◆ Work item:
An exact repetition of the data below, without images, is the expected answer.

◆ Given information:
<<<<
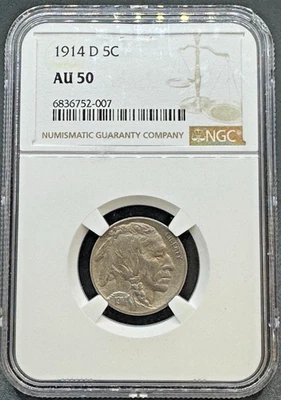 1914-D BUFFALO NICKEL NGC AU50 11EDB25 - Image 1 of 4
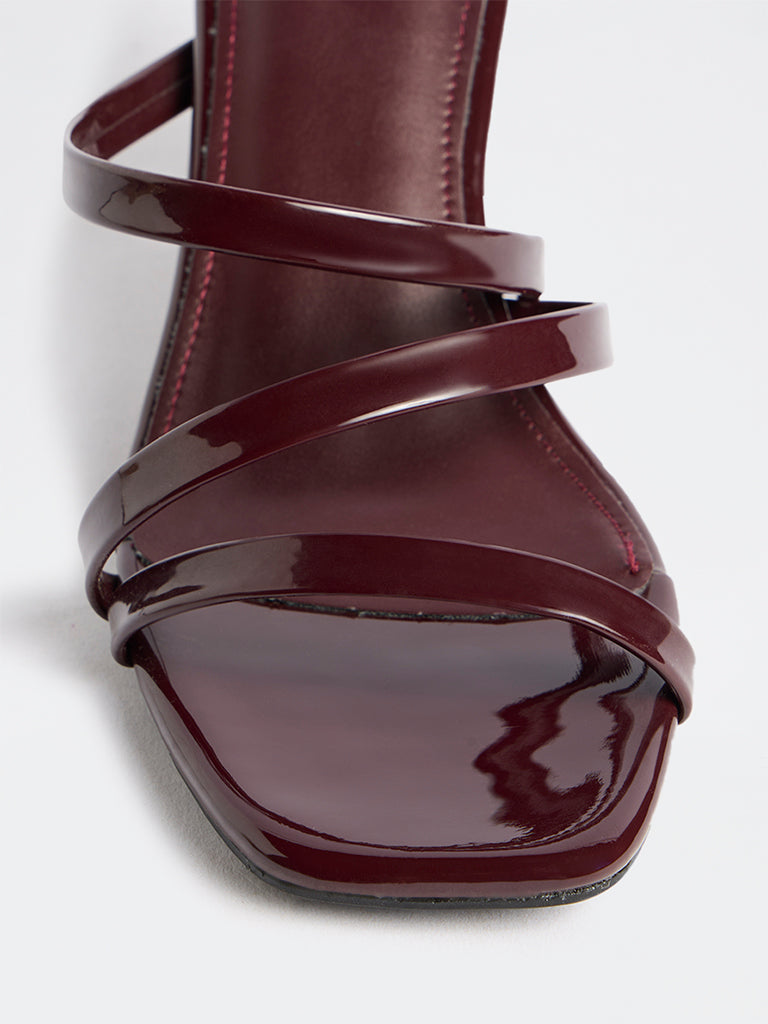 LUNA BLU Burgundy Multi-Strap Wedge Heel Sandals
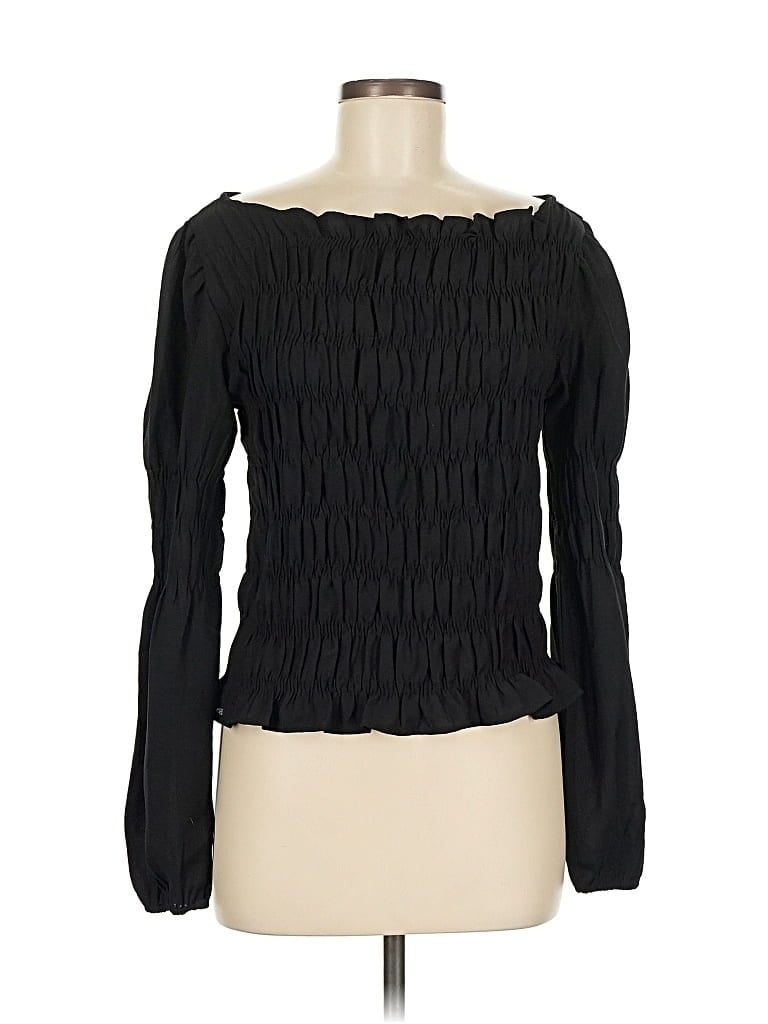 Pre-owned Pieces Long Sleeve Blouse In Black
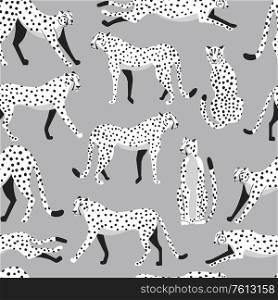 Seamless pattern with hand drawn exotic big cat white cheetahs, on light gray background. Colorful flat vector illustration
>>>>
◆ Response to this exercise:
 1914-D BUFFALO NICKEL NGC AU50 11EDB25 - Image 1 of 4
 LUNA BLU Burgundy Multi-Strap Wedge Heel Sandals
 Pre-owned Pieces Long Sleeve Blouse In Black
 Seamless pattern with hand drawn exotic big cat white cheetahs, on light gray background. Colorful flat vector illustration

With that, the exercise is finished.